While there are nuances to each model, a wine cooperative is an enterprise collectively owned by a region’s winegrowers—small, medium and large alike—for mutual benefit. Throughout time, co-ops have not only shared resources and acted in unison for the collective good, but they’ve offered a way to help outsiders access smaller growers and producers that may be unable to promote themselves or would otherwise go unnoticed. Though many have been known to yield compelling wine, they fly under the radar today. If you’re curious about the concept, read on for four historically significant, regional winegrower co-ops to try.
Grandes Vinos, Cariñena, Spain
Spread across the hot and rocky countryside of Aragon in Northeastern Spain, are more than 700 small grape growers. Many of these farmers couldn’t tend their old vine plots of Grenache (Garnacha) and Carignan (Cariñena) without the strength-in-numbers support achieved by joining their local cooperatives.
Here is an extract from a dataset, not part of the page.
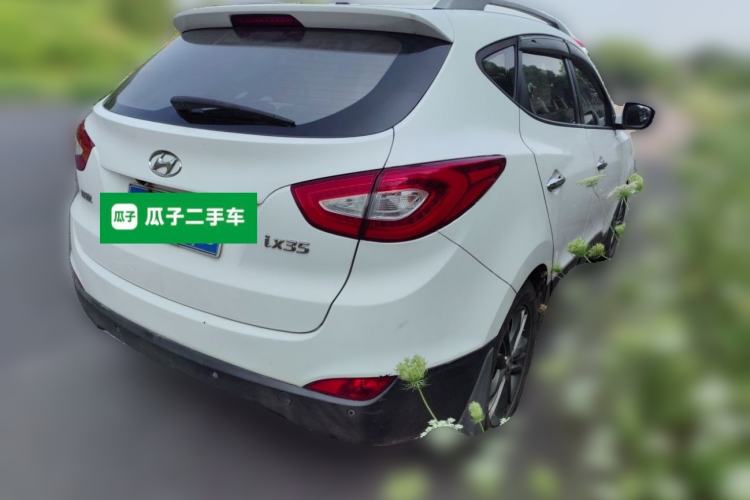 Used Hyundai ix35 2013 2.0L Automatic Two-Wheel Drive Smart GLS China IV Standard Rear Right 45 Deg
Grandes Vinos was formed in 1997 by several smaller regional co-operatives, which united through the help of government and public interest group funding. Today, five coops share risk and resources through Grandes Vinos management. The winery also provides precision farming guidance, as well as produces, markets and sells the wines.
The collaboration ultimately boosted the quality of Cariñena, allowing for a transition from bulk wine to bottled wines that would appeal to foreign markets. In other words, Grandes Vinos helped farming families go global by landing Cariñena wines on the tables and shelves of America’s restaurants and retail stores.